I stepped out into the sub-zero temperatures last night to see the Toronto Consort’s stimulating new show. It features instruments from the time of Champlain, as well as some traditional music performed by First Nation’s People, who are keeping their own music alive and well.

What did it sound like, centuries ago, when the original inhabitants of our land encountered visiting Europeans? The concert conjures up this imaginary soundscape.

The programme is built around a new piece by John Beckwith who, at age 90, stands as an inspiration to all Canadians. His contribution to composition, scholarship and the general musical life of our country is measureless. He gives a talk before the show tonight at 7pm, and he is as lively, as witty, gracious and spunky as ever. His new work features the glorious, velvety tones of Laura Pudwell and the Toronto Chamber Choir, prepared for this performance by their conductor Lucas Harris. Beckwith uses a chant-like choral medium to express words derived from original documents, as well as text in French by the Huron-Wendat poet George Sioui who also performs. Included in the period instrument group (viola da gamba, recorder, chamber organ etc) are two First Nation’s drummers, Marilyn George and Shirley Hay, who also perform as soloists in the first half.

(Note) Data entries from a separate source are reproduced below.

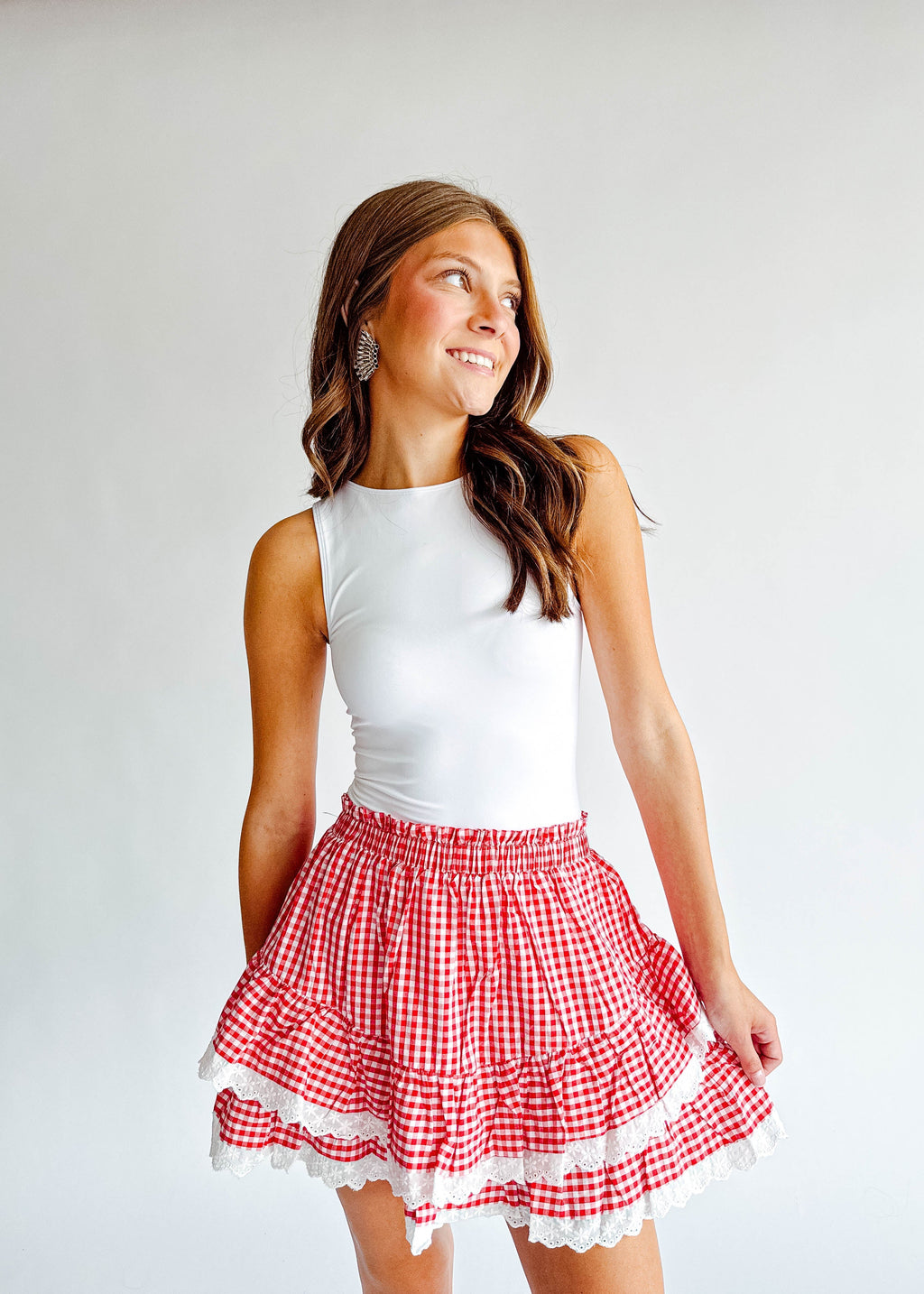 Sophie Gingham Ruffle Skort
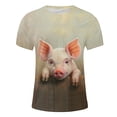 thumbnail image 4 of Handshe Men Funny Pig Printed Short Sleeve Round Neck T-shirt Casual Fashion Short Sleeve, 4 of 5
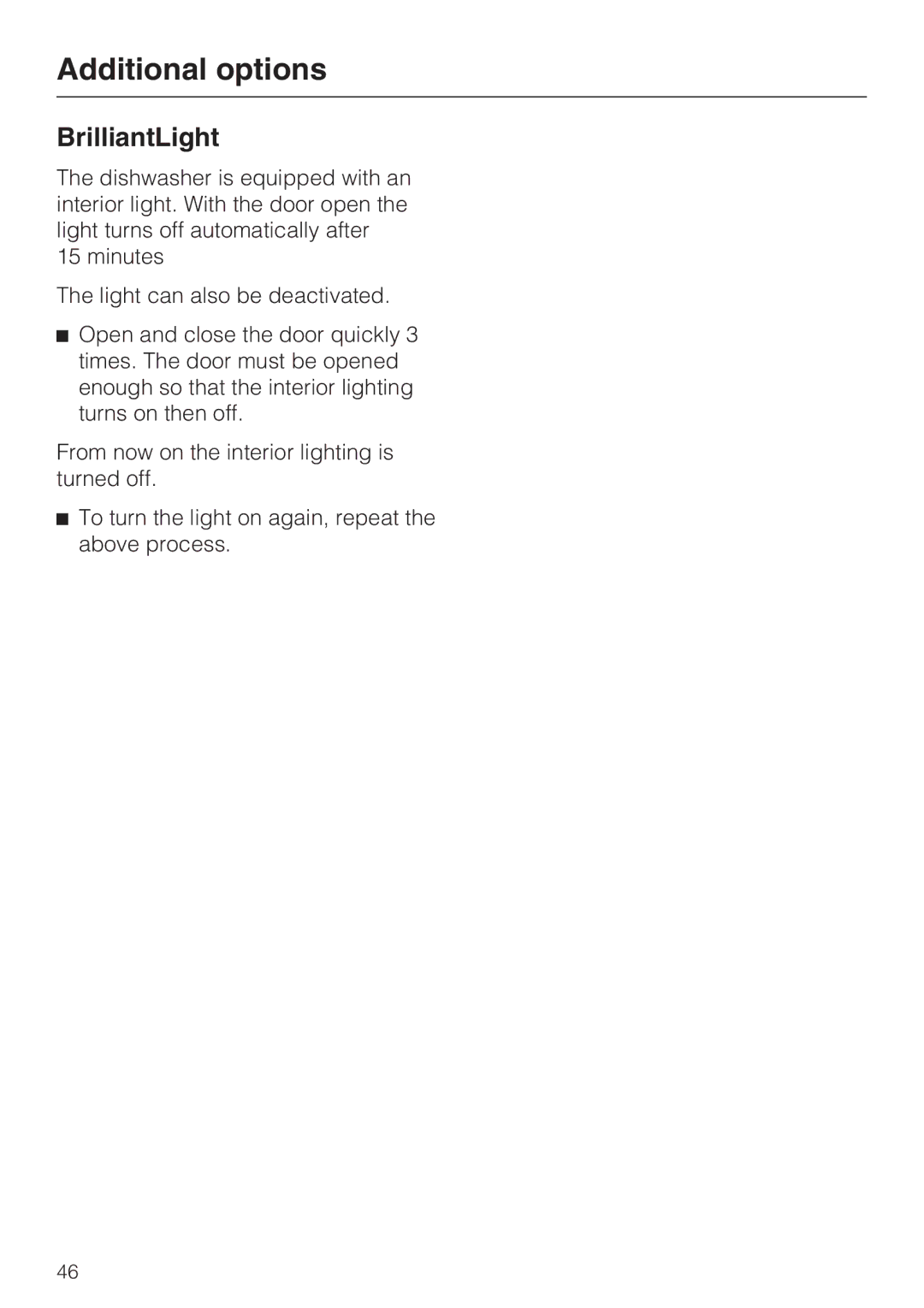 Miele G 5915, G 5910 operating instructions BrilliantLight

But my new idol is Jeremy Dutcher, a young man who has combined his inquisitive mind, his research skills and his creative spirit. Listening to original wax cylinder recordings housed in the National Archive preserving the voices of his own ancestors singing, and studying his own, endangered Maliseet language, he combines ancient elements with his own very contemporary style. His music is a dance with his ancestors; a powerful, respectful and moving offering that blossoms without boundaries. Jeremy came up to York University to perform last month and the kids went wild. One of my students called the experience “low-level life changing.” The older, more sophisticated audience around me last night in downtown Toronto was equally enthusiastic.

The whole concert is an enlightenment, and I encourage you to step out into the Canadian winter to hear the last performance tonight at 8pm. David Fallis is in charge, so you know it’s going to be not only intellectually stimulating, but also full of lively historical tunes that skirt the boundaries of classical/folk/pop music.